The process terminates when:
- All molecules in the set can be purchased (successful termination).
- The search reaches the maximum depth, or the decomposition fails (unsuccessful termination).

2. Designing the Environment for the LightZero Framework

The LightZero framework supports training with AlphaZero and MuZero. To integrate the retrosynthesis problem, the MDP must be implemented as an interactive environment. Below are the design suggestions:

(1) Environment Interface

The environment should implement LightZero's standard interface（you can start from this env）, with the following core functions:

reset(): Initializes the environment and returns the initial state (the target molecule S₀).
step(action): Executes an action, returning the new state, reward, termination flag, and additional information.
render(): Visualizes the current state (e.g., the decomposition tree).
get_legal_actions(state): Returns the list of valid actions for the current state.

(2) State Representation

Use Graph Neural Networks (GNNs) or other molecular feature extraction methods to represent molecules as feature vectors.
The state can include the entire decomposition tree, tracking both the current molecule set and the decomposition history.

(3) Dynamic Action Space

The action space is dynamic and varies with the state. For each molecule, the chemical model B generates a list of applicable reaction rules.
Actions can be encoded as tuples (molecule index, reaction rule index).
To reduce computational overhead:
- Cache the outputs of the chemical model B to avoid redundant calculations.
- Use pretrained molecular models to predict valid reaction rules efficiently.
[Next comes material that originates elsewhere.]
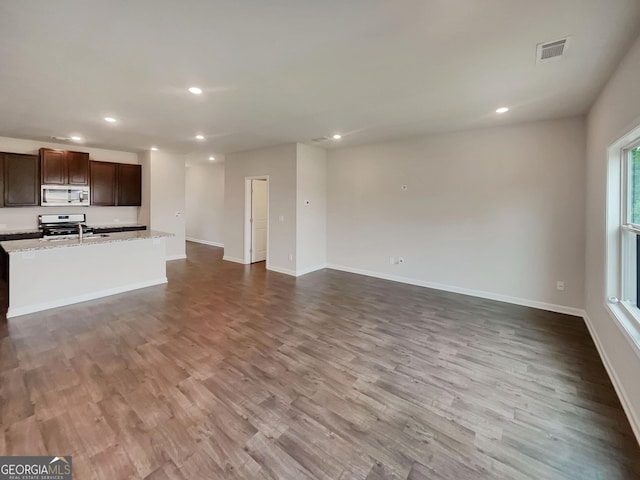 unfurnished living room with light wood finished floors, baseboards, and recessed lighting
(4) State Transition Logic

When a reaction rule is applied, the chemical model B generates precursor molecules, and the state is updated accordingly.
If the precursor molecules are known to be purchasable, they are marked as "leaf nodes."
Potential challenges:
- State-space explosion: The depth and breadth of the search tree can grow rapidly.
- Solutions:
  - Limit the maximum search depth and terminate the search if the limit is reached.
  - Introduce heuristic methods (e.g., prioritizing high-probability reaction rules) to reduce invalid searches.

(5) Reward Design

The reward function should balance pathway efficiency and search cost. For example:
- Assign a positive reward (+R) if all molecules can be purchased.
- Assign a negative reward (-R) if the maximum search depth is reached without success.
- Penalize each reaction step with a small negative reward (e.g., -0.1) to encourage shorter pathways.
Additional considerations:
- In some cases, decomposing a molecule generates multiple new molecules (e.g., S₁ and S₂), and the solution depends on successfully decomposing all of them.
- Solutions:
  - Use a decomposition tree to track the status of each molecule.
  - Process molecules iteratively or recursively until all are decomposed into purchasable molecules or the termination condition is met.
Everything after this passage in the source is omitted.